On the setting screen tap ‘import from text’. I plan to clean up this settings screen, so in the future this screen may look different.
You then see this screen where you can do the real importing.
In this screen you paste the text that you copied earlier from your e-mail (or other app). You then press ‘Save ideas and notes’ and the following will happen:
- Every idea will be created
- Every note will be added to this idea
- Every answer to every question will be converted to a note. While not ideal, no information is lost.
If you run into any problems, let me now in the comments or send me an e-mail.
First, the database update was a 100% success
I was just looking at my Analytics on the app, and I am happy to find out there where zero people that failed with their database update. I wrote earlier on why I rewrote the whole database. Good to see that extra effort payed off.
Implementing search was harder than I expected. There is a specific searchview in Android that is supposed to do the trick, but I was not able to use it. This is because the searchview is not compatible with a library I used for my list views (Easy Adapter). It turns out that library does not give the type of adapter that is needed to do a search filter.
While in theory I might be able to build around that, I was to much in unfamiliar coding terrain.. This conversation was about my exact problem, but my understanding of what was going on is too limited. Also I figured I could first try to overstep the problem by not using the searchview.
So I created a regular input field, and do the filter on the list ‘by hand’. I needed to jump some extra hoops, but in the end I got it working.

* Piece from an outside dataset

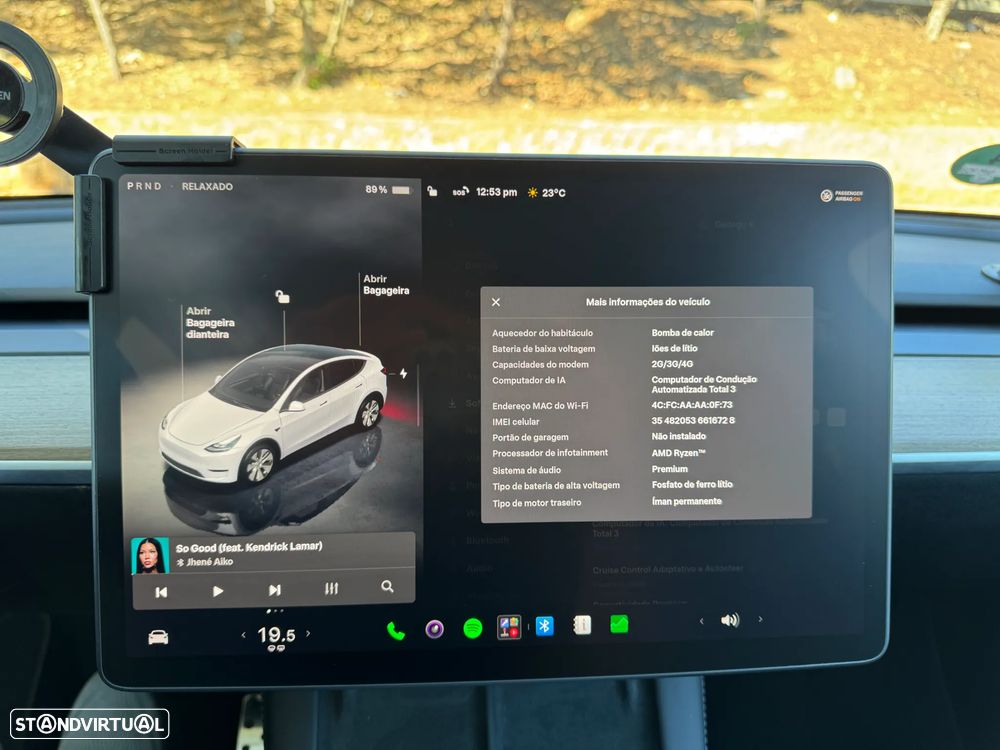 Tesla Model Y - 15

The main disadvantage is that it doesn’t have a smooth animation like the regular searchview. But since time is precious and I got other things to do, I am happy with the result.
More sort options
In the beginning in 2013 sorting was done by using these buttons:
I thought that might not always look good in all languages. So I made icons for sorting back in 2014:
What I gained was a cleaner look, and no language issues. What I lost was clarity. My assumption was that sorting was only relevant for hardcore users who had many ideas. They would learn what those icons meant by using them.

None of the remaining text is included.